• **EXERCISE**
Starting with the line that holds "Preview of Black", reproduce each line through the last one of the data, exactly as written. Pictures are not copied.

• **GIVEN DATA**
- - - -

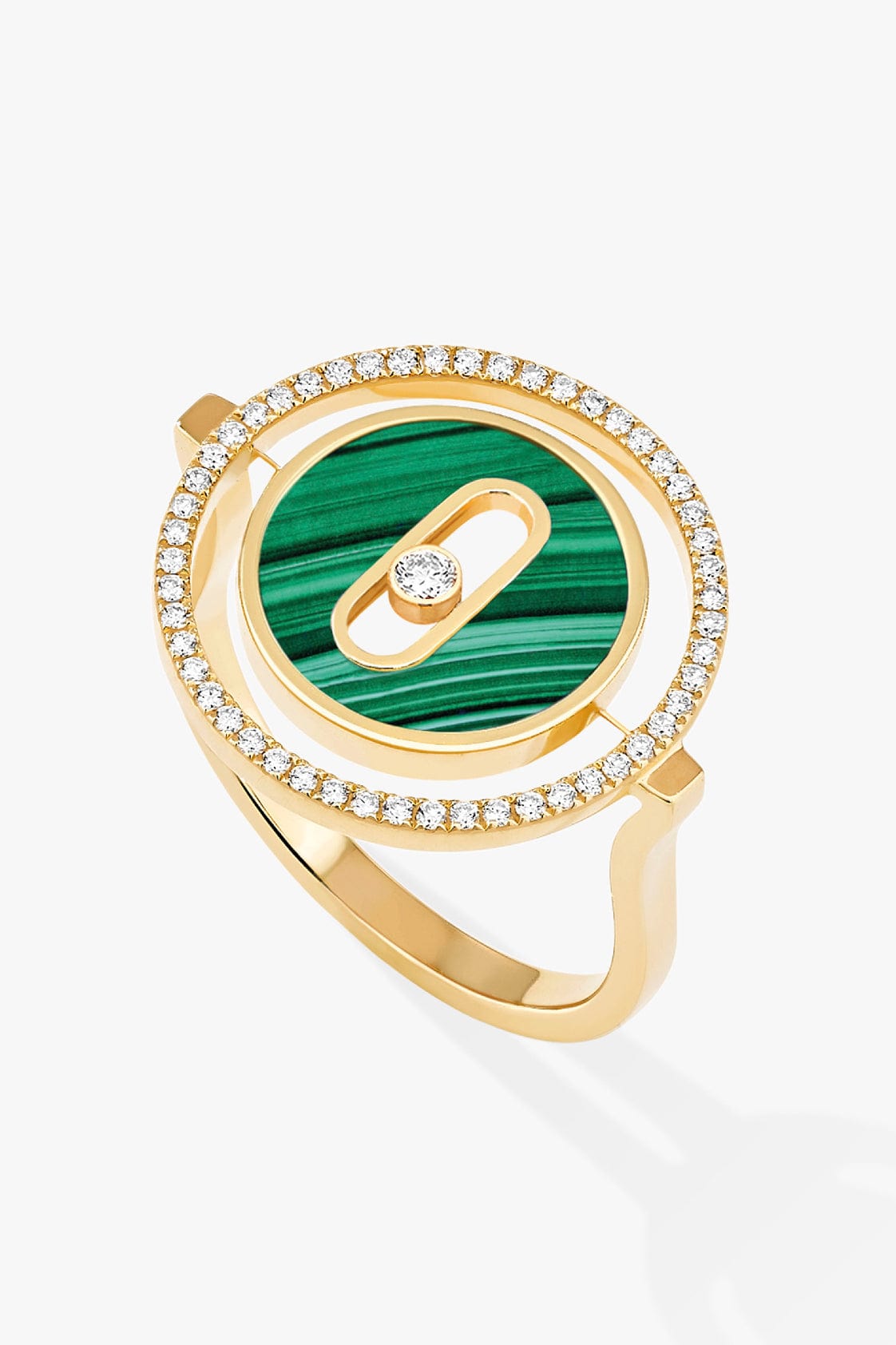 MESSIKA-Lucky Move PM Malachite Ring-YELLOW GOLD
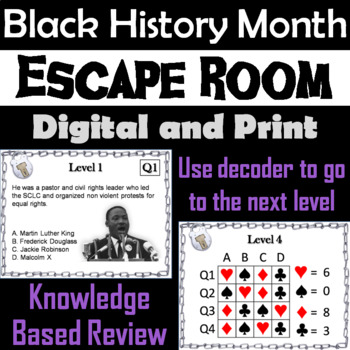 Preview of Black History Month Activity Escape Room - Famous African Americans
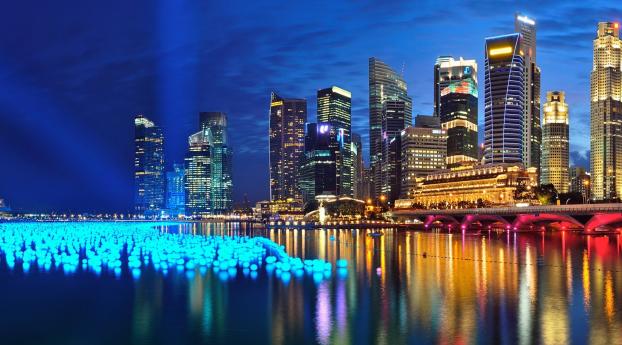 Singapore City at Night Wallpaper 2048x2048 Resolution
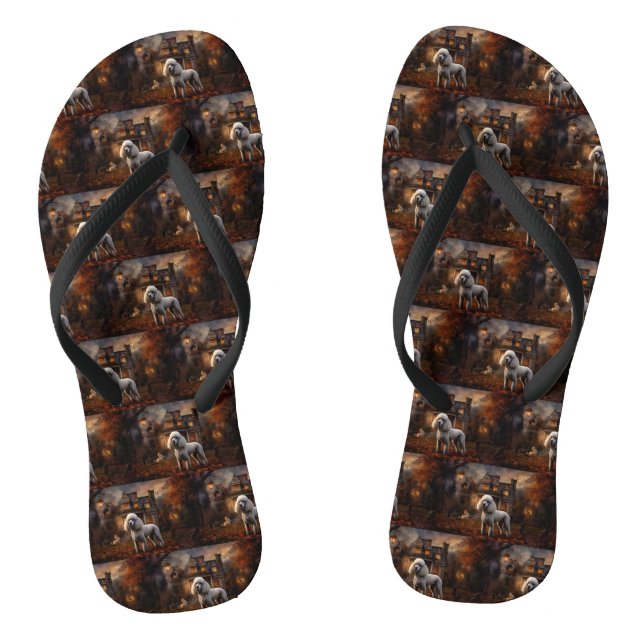 Poodle Halloween Beängstigend Flip Flops (Fußbett)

- - - -

• **TASK OUTPUT**
 Preview of Black History Month Activity Escape Room - Famous African Americans
 Singapore City at Night Wallpaper 2048x2048 Resolution
 Poodle Halloween Beängstigend Flip Flops (Fußbett)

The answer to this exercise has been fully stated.